The problem is that we don't have type information so methods cannot be called directly, but instead be looked up. In a static language a virtual table might have been used. In JavaScript is no inheritance relationship so it is not possible to know a vtable offset ahead of time. What can be done is to observe and learn about the "types" used in the program. When an object is seen it can be stored and the target of that method call can be stored and inlined into that call. Bascially the type will be checked and if that particular type has been seen before the method can just be invoked directly. But how do we check the type in a dynamic language? The answer is hidden classes which allow the VM to quickly check an object against a hidden class.

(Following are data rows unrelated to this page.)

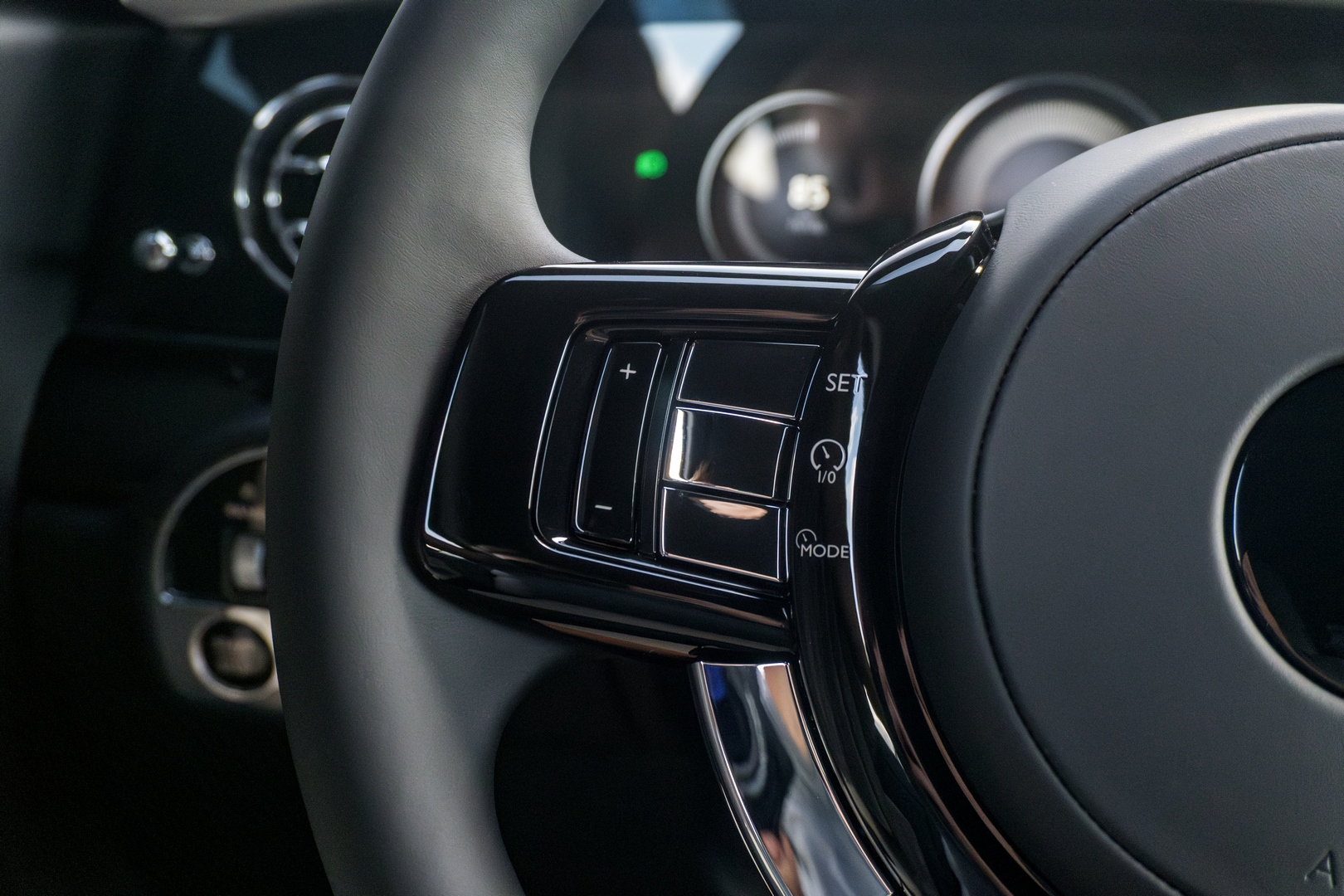 2024 Rolls-Royce Spectre, 11/20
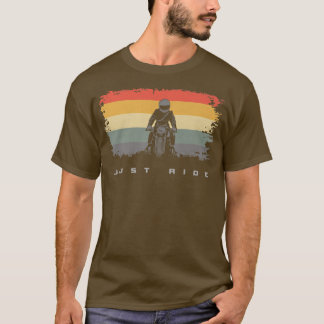 Motorcycle Apparel - Biker Motorcycle 812 T-Shirt
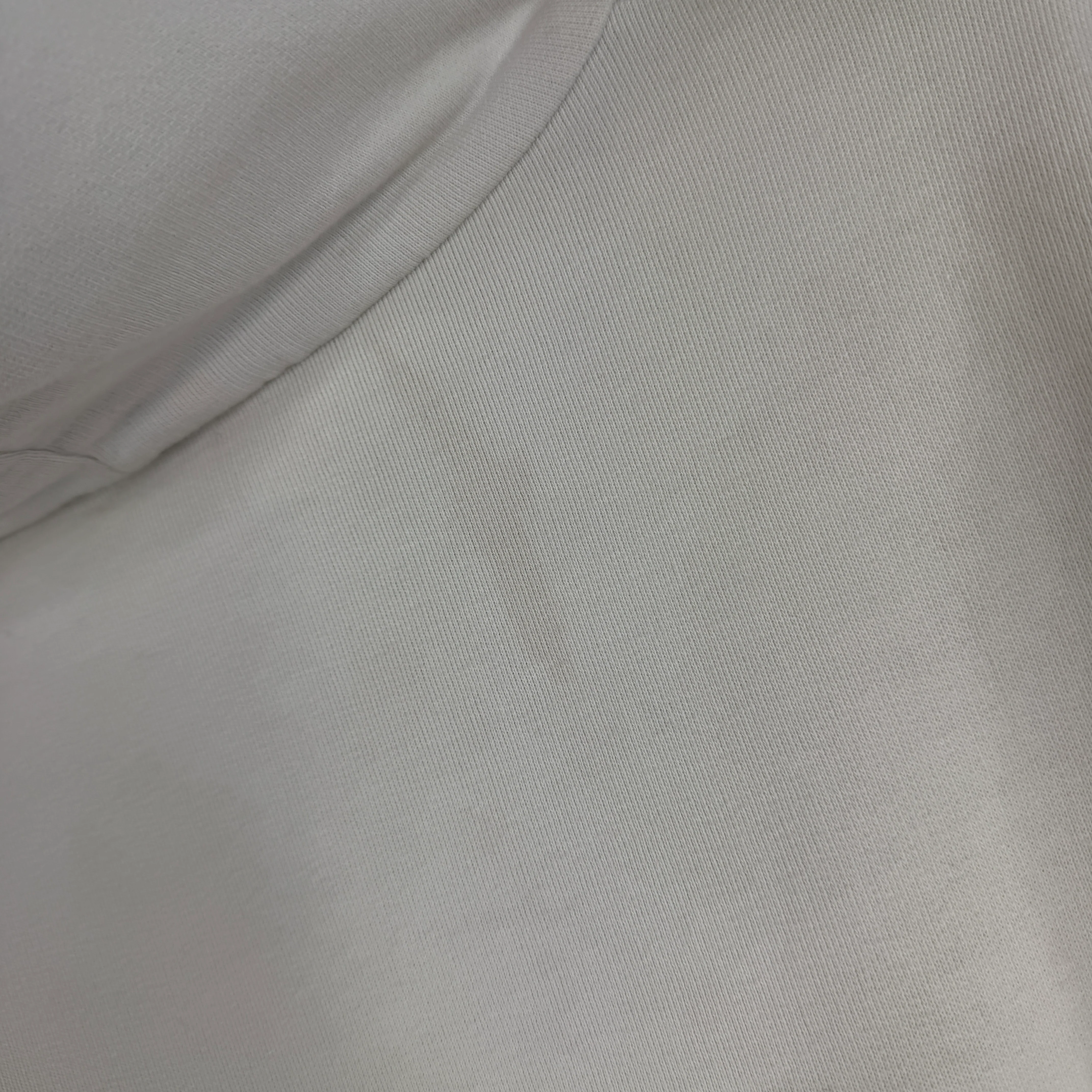 Saint Laurent Small Logo White Hoodie - Image 19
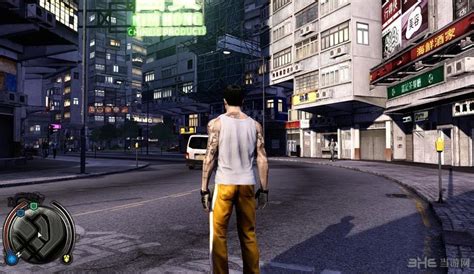 《热血无赖》最新游戏截图公布 展示人物服装DLC_3DM单机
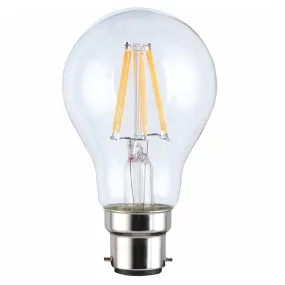 TCP Smart Wifi LED B22 Filament Bulb | TCPB22FIL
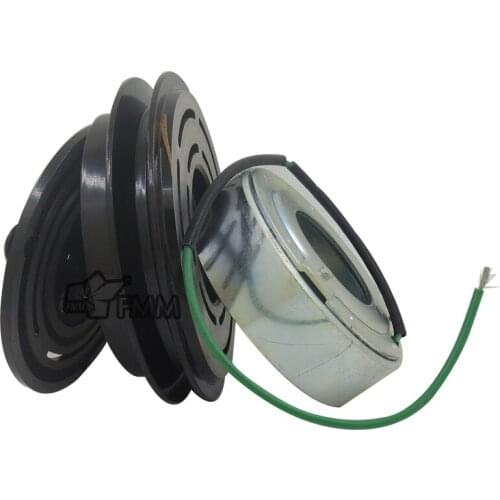 Air Conditioning Compressor Clutch For Mitsubishi Canter Bus ROSE AKC200A273B AKC200A160 AKC200A273A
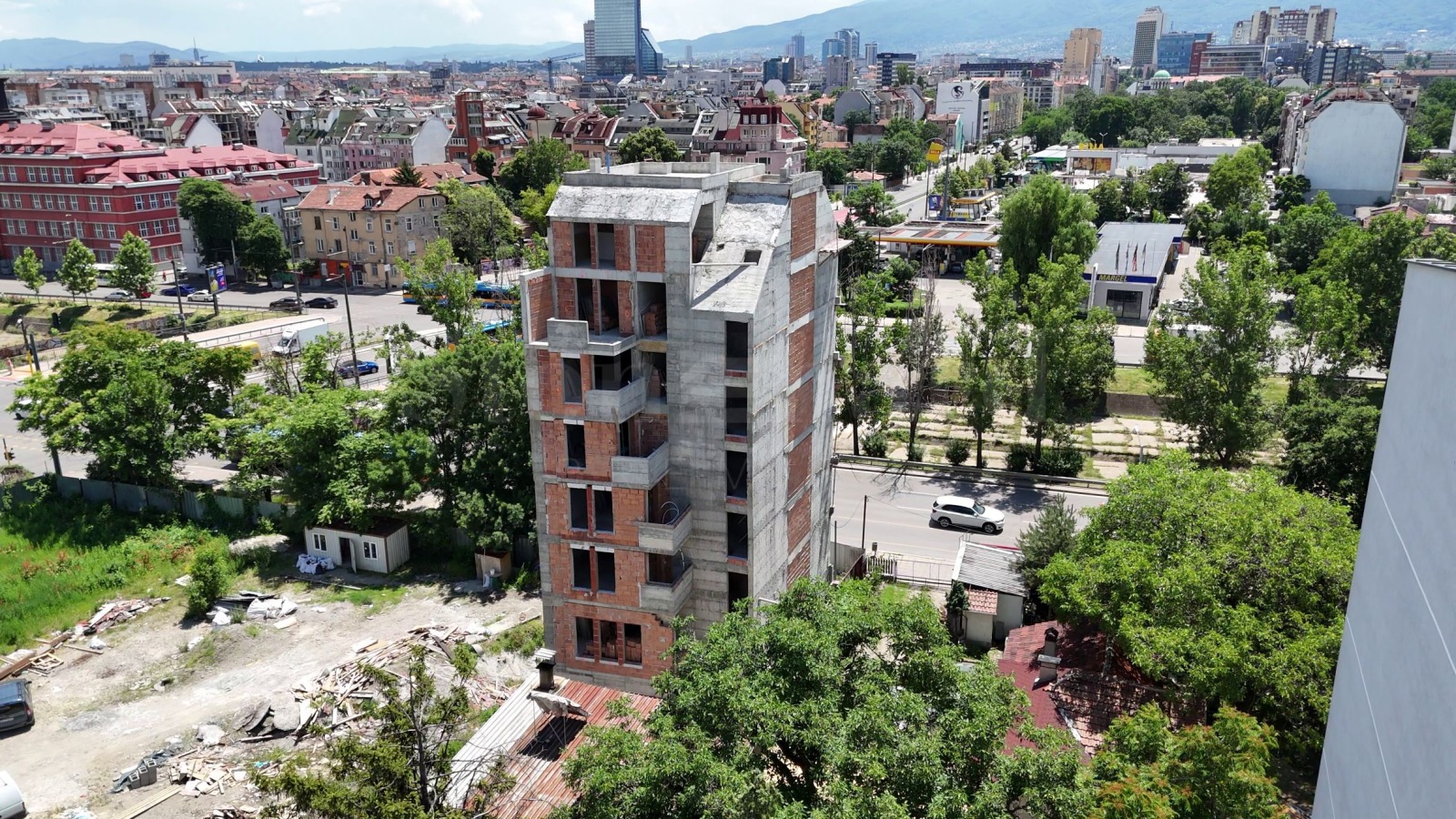 Продава 3-СТАЕН, гр. София, Банишора, снимка 5 - Апартаменти - 53112836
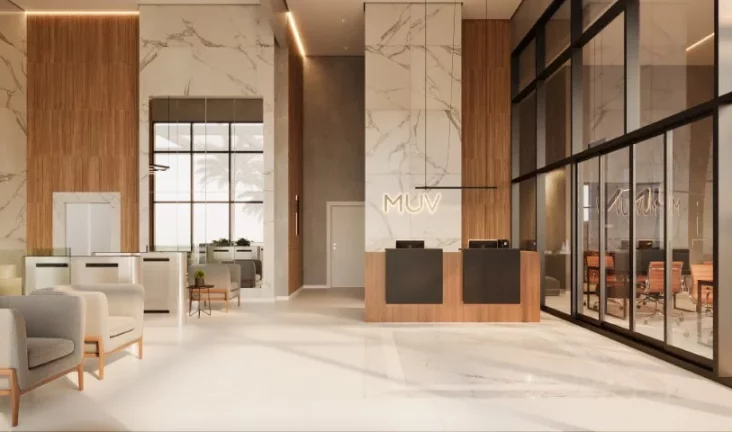 Imagem MUV Residence - Apartamento à venda no bairro Centro - Curitiba/PR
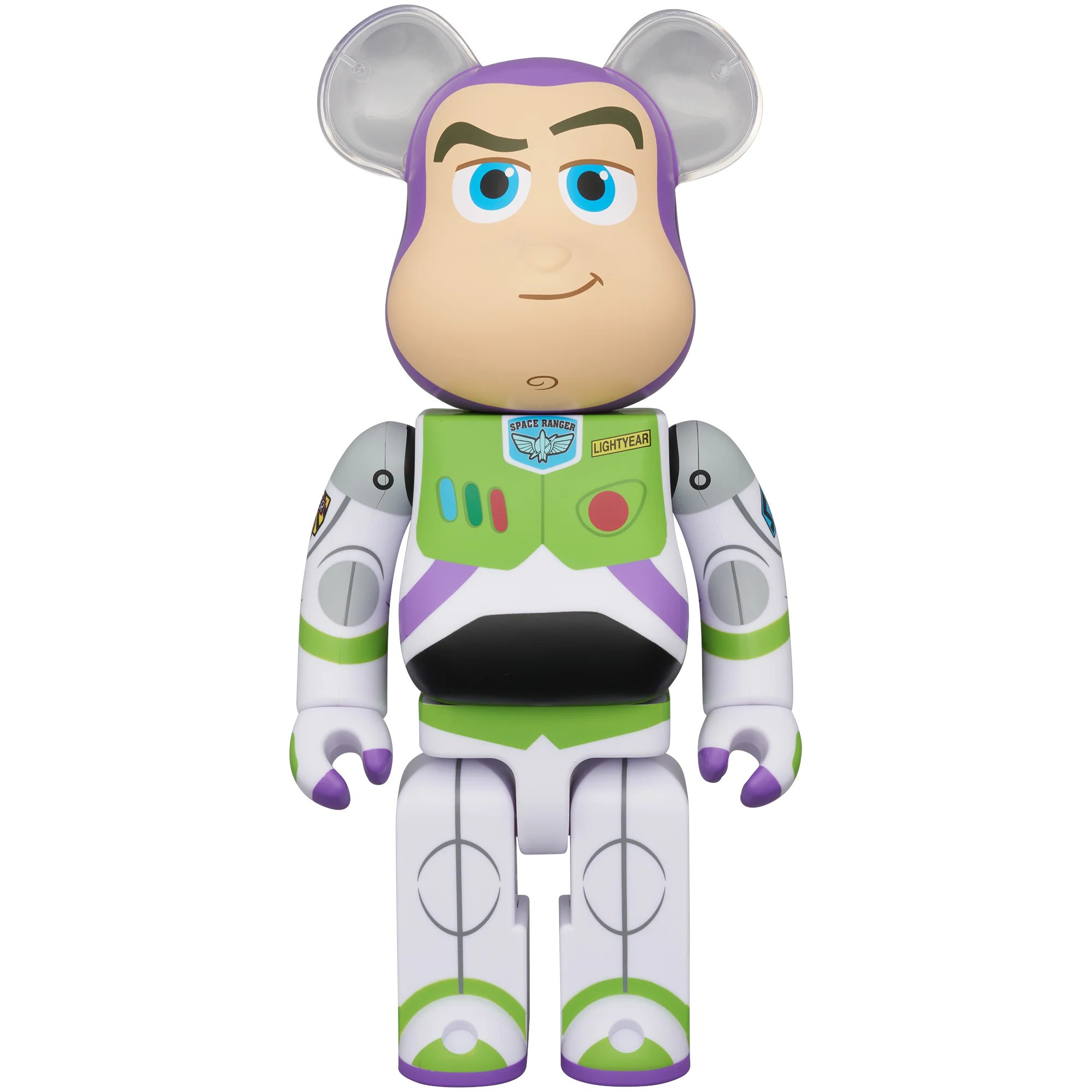 BE@RBRICK Toy Story Buzz 400％ - Tokyo Otaku Mode (TOM)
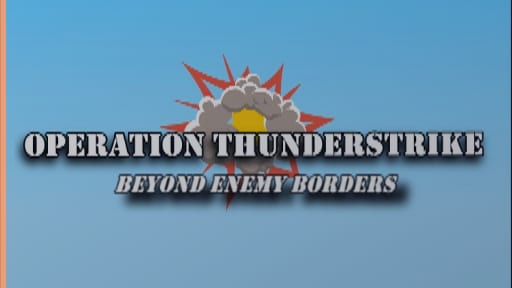 operation Thunderstrike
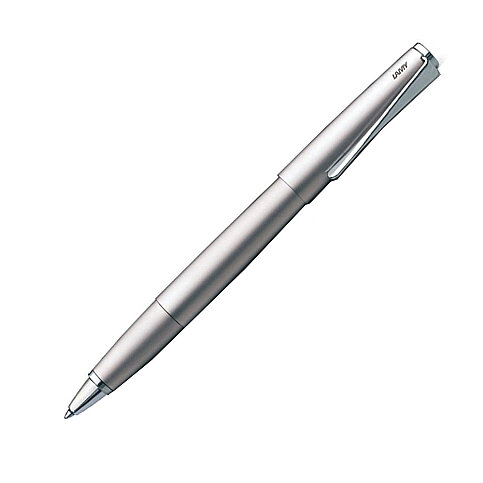 LAMY 368 STUDİO ROLLER KALEM PALADYUM - 1
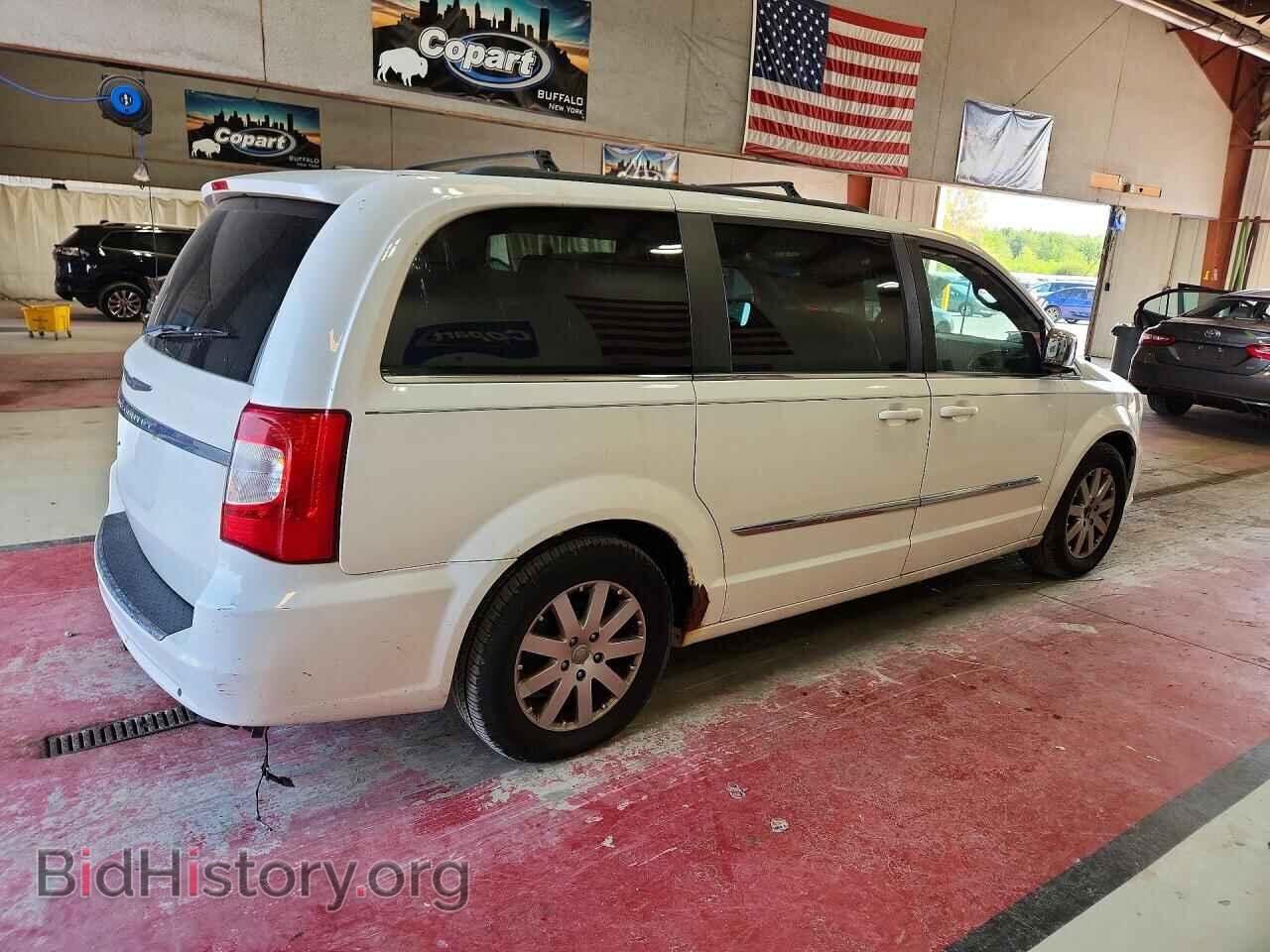 2011 CHRYSLER MINIVAN - VIN: 2A4RR8DG1BR759679 - Photo 3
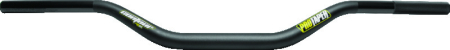 ProTaper Contour Carmichael Handlebar - Platinum Gray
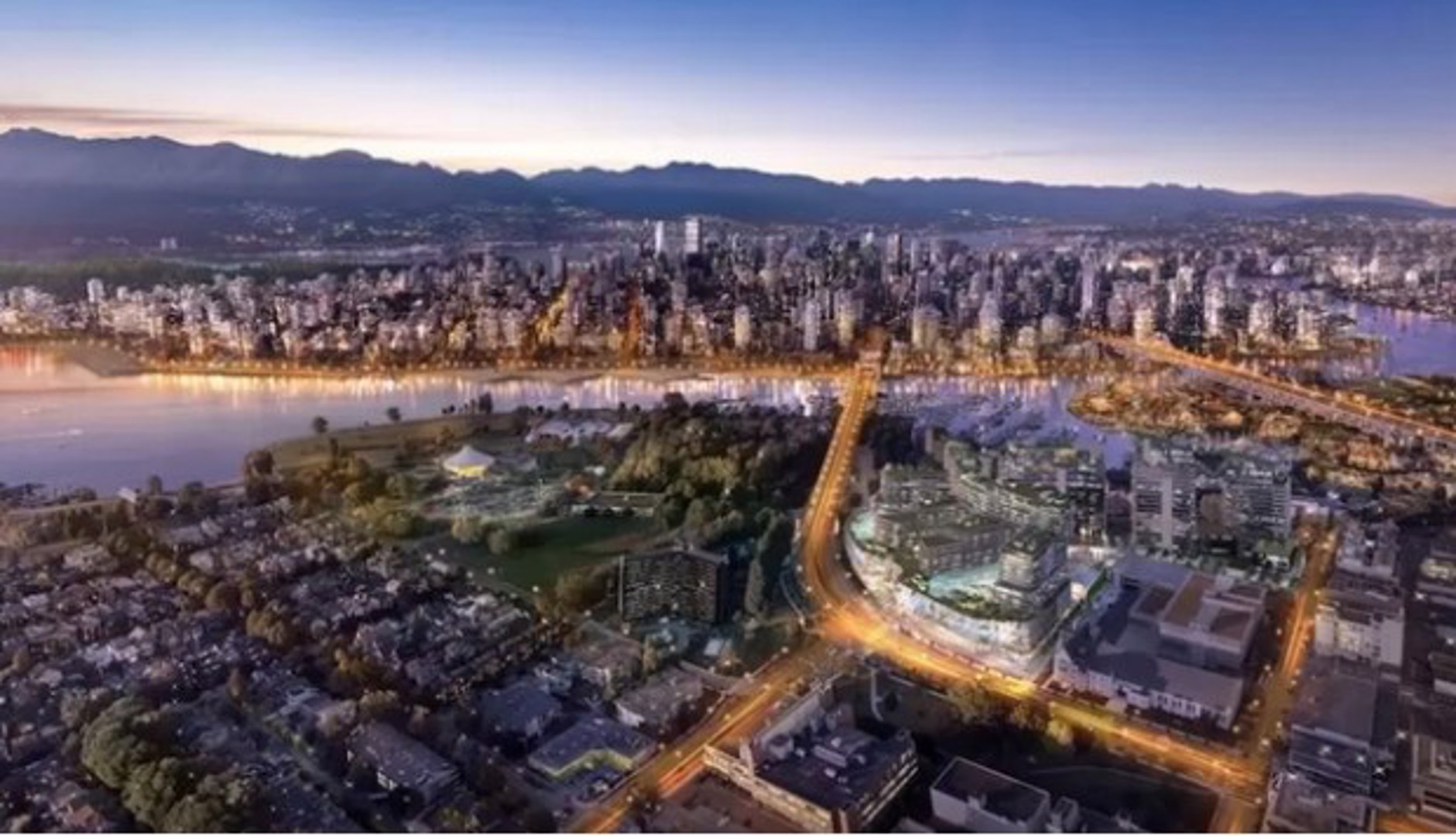 Quantum Park PresalesBC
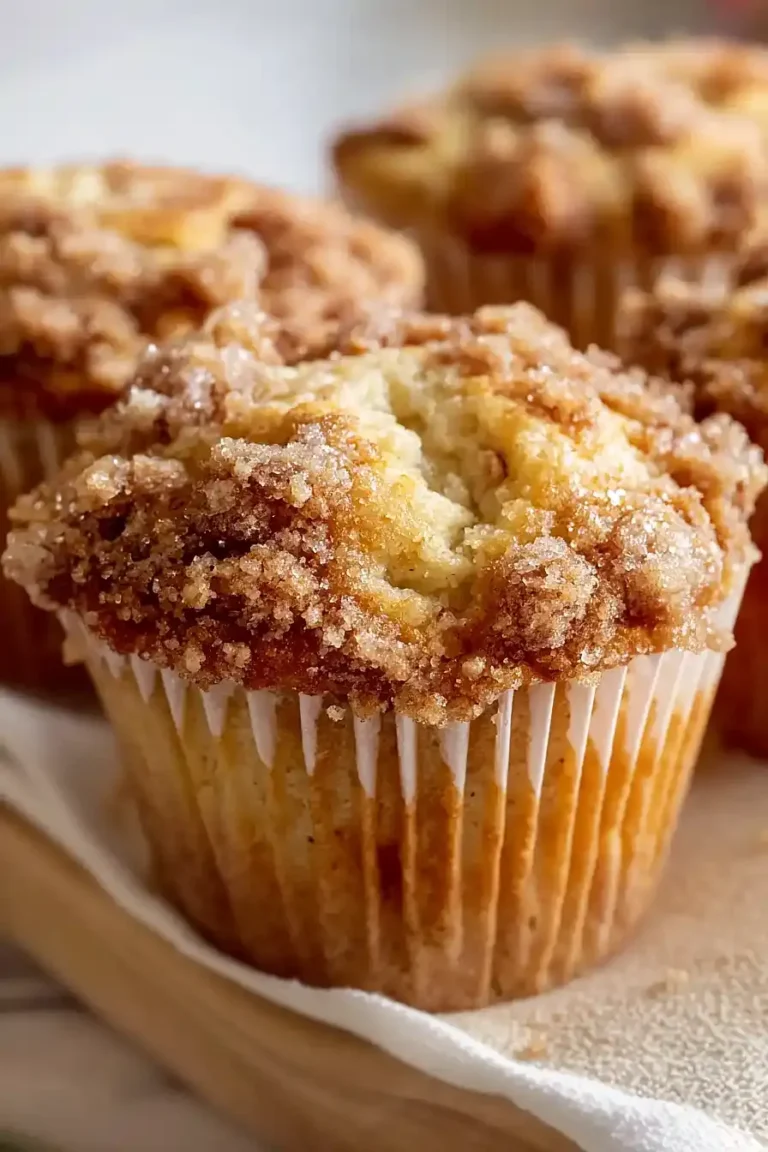 Rhabarber Muffins mit Frischkäsefüllung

The inline caching source are located in src/ic.

gn

GN is a bulid system that generated Ninja Build files. In src/gn you can find an example project that uses gn. It is very basic and the intention is to have something to "play" with while learning how it works.

Configuration

Building the project

Could not find checkout in any parent issue

When I first tried to run gn in the src directory I got the following error:

$ gn gen out/mybuild
gn.py: Could not find checkout in any parent of the current path.
This must be run inside a checkout. 

When gn starts it will look for a file named .gn, starting from the current directory and continuing up the the parent directories. This file indicates the source root.

Ninja

What is a zone

I noticed that there is a src/zone.h and wondered what this is all about. Is this related to zone.js in any way?
No, this is not related but instead deals with memory allocations.